File: examples/streaming_iceberg.py

This example demonstrates the bidirectional streaming bridge between Spark Structured Streaming and Ray.

Full Source¶

"""Streaming bridge demo — Spark Structured Streaming to Ray via Iceberg.

Demonstrates the bidirectional streaming bridge:
1. Write to an Iceberg table via Spark
2. Stream from Iceberg CDC to Ray using from_spark_streaming()
3. Process micro-batches in Ray
4. Write results back to Iceberg via to_spark_streaming()

Run:
    pip install drls
    python examples/streaming_iceberg.py
"""
import ray
import drls
from drls.streaming import from_spark_streaming, to_spark_streaming

ray.init()

spark = drls.init_spark(
    app_name="streaming-iceberg",
    num_executors=2,
    executor_cores=1,
    executor_memory="512M",
    iceberg_catalog="hadoop",
    iceberg_warehouse="/tmp/drls-warehouse",
)

# --- Setup: create source data as a rate stream ---
rate_stream = (
    spark.readStream
    .format("rate")
    .option("rowsPerSecond", 10)
    .load()
)

# --- Forward bridge: Spark → Ray ---
print("Starting Spark → Ray bridge...")
coordinator, query = from_spark_streaming(
    rate_stream,
    coordinator_name="demo-stream",
    max_batch_size=50,
    buffer_size=5,
)

# Consume batches in Ray
import pyarrow as pa

batch_count = 0
total_rows = 0
for batch in coordinator:
    if isinstance(batch, pa.RecordBatch):
        total_rows += batch.num_rows
        batch_count += 1
        print(f"  Batch {batch_count}: {batch.num_rows} rows, schema={batch.schema}")
    if batch_count >= 5:
        break

print(f"Consumed {total_rows} rows across {batch_count} batches")

# Stop the forward bridge
query.stop()

# --- Reverse bridge: Ray → Spark ---
print("\nStarting Ray → Spark bridge...")
ray_ds = ray.data.range(100)

reverse_query = to_spark_streaming(
    spark,
    ray_ds,
    source_name="demo-reverse",
    format="console",  # just print to console for demo
    options={"truncate": "false", "numRows": "5"},
    trigger="once",
)

# Wait for the single trigger to complete
reverse_query.awaitTermination(timeout=30)
print("Reverse bridge complete!")

# Cleanup
drls.stop_spark()
ray.shutdown()
print("Streaming demo complete!")

Step-by-Step¶

Forward Bridge: Spark to Ray¶

The forward bridge streams data from Spark Structured Streaming into Ray using Arrow tables:

from drls.streaming import from_spark_streaming

# Create a Spark rate stream as the source
rate_stream = (
    spark.readStream
    .format("rate")
    .option("rowsPerSecond", 10)
    .load()
)

# Bridge to Ray
coordinator, query = from_spark_streaming(
    rate_stream,
    coordinator_name="demo-stream",
    max_batch_size=50,
    buffer_size=5,
)

from_spark_streaming() returns:

coordinator — A StreamingIterator that yields pyarrow.RecordBatch objects
query — The Spark StreamingQuery handle for lifecycle management

Consuming Batches¶

for batch in coordinator:
    if isinstance(batch, pa.RecordBatch):
        total_rows += batch.num_rows
        batch_count += 1
    if batch_count >= 5:
        break

Each batch is a PyArrow RecordBatch, making it efficient to process in Ray or pass to ML frameworks.

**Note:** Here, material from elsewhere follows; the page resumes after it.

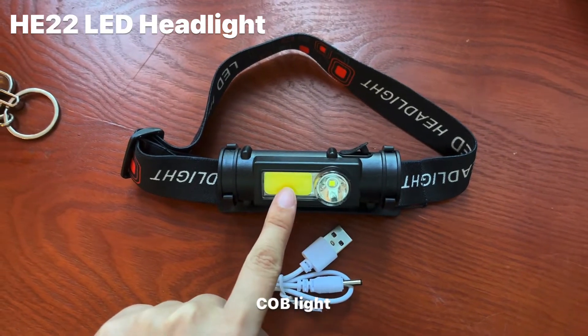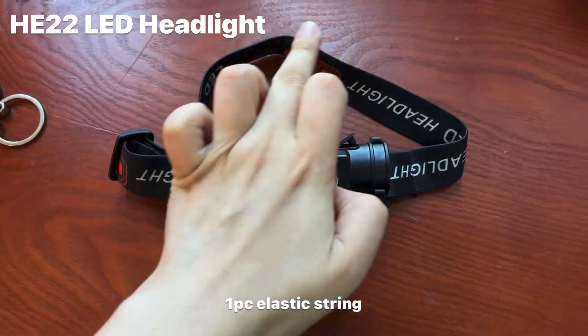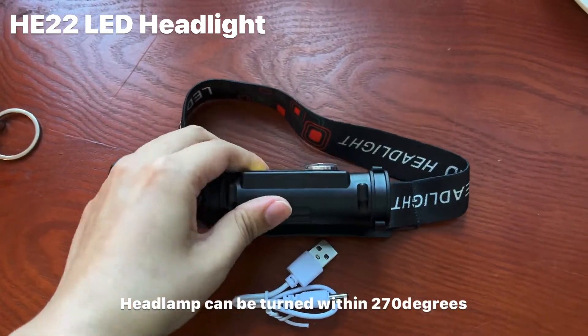Hi guys, Henshin is introducing a new product today. It is an LED headlight and its item number is HE22.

Reverse Bridge: Ray to Spark¶

The reverse bridge streams data from Ray into a Spark Structured Streaming DataFrame:

from drls.streaming import to_spark_streaming

ray_ds = ray.data.range(100)
reverse_query = to_spark_streaming(
    spark, ray_ds,
    source_name="demo-reverse",
    format="console",
    options={"truncate": "false", "numRows": "5"},
    trigger="once",
)
reverse_query.awaitTermination(timeout=30)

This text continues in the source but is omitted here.